▸ **Available records**:

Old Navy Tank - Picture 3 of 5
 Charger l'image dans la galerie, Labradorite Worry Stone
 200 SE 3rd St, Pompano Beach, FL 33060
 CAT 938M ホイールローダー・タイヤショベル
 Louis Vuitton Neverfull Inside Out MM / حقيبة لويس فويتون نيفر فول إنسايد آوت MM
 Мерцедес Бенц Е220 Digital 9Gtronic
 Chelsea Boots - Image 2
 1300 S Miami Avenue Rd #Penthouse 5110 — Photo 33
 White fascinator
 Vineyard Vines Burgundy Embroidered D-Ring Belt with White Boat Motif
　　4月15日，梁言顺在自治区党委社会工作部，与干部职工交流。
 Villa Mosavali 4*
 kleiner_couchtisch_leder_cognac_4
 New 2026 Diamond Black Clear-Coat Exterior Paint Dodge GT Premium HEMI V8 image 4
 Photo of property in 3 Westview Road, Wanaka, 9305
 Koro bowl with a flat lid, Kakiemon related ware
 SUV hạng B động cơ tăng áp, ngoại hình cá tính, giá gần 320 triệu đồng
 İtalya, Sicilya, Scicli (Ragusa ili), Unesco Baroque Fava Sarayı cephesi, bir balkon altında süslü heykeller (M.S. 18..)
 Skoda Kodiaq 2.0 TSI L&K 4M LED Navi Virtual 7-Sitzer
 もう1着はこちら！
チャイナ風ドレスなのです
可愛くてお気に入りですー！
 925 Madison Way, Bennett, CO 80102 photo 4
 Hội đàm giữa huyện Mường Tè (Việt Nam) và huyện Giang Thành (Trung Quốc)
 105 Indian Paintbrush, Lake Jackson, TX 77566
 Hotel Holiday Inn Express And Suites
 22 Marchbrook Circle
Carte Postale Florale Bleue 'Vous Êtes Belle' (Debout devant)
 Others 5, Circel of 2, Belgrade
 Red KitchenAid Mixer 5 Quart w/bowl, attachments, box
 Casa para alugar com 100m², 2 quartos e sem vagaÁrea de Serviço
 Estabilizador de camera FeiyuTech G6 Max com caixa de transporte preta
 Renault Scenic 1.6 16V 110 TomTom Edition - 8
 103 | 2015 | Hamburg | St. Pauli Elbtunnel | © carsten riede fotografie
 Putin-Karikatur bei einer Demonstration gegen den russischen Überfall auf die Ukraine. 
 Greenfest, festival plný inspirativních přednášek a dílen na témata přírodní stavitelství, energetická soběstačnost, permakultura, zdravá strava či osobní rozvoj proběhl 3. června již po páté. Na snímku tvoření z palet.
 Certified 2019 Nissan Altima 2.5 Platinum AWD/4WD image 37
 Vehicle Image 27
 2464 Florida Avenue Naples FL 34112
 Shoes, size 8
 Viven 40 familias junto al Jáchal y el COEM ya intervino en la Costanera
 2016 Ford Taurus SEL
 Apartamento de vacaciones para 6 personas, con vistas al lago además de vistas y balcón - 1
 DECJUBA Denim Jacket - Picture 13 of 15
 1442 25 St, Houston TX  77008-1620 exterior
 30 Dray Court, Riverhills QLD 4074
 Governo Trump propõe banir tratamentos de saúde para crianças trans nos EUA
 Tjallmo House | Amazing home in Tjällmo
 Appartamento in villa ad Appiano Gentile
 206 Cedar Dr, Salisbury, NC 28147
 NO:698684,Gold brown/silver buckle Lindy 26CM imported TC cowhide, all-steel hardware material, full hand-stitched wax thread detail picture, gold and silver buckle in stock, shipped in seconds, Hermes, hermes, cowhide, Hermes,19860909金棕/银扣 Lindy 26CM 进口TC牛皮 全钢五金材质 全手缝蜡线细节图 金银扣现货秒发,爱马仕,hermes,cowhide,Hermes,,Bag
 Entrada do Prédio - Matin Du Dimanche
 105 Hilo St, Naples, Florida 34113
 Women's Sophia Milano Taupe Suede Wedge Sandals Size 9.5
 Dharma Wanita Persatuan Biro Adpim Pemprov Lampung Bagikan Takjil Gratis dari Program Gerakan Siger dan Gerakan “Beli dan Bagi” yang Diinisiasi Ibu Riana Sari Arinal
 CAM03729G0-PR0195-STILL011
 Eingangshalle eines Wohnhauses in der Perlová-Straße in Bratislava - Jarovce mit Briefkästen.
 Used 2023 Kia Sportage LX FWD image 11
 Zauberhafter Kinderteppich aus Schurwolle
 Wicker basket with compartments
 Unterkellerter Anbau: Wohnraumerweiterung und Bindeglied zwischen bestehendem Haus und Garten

▸ **Assignment**:
The answer must consist of each line in the entries above that includes "Florida".

▸ **Your solution**:
 2464 Florida Avenue Naples FL 34112
 105 Hilo St, Naples, Florida 34113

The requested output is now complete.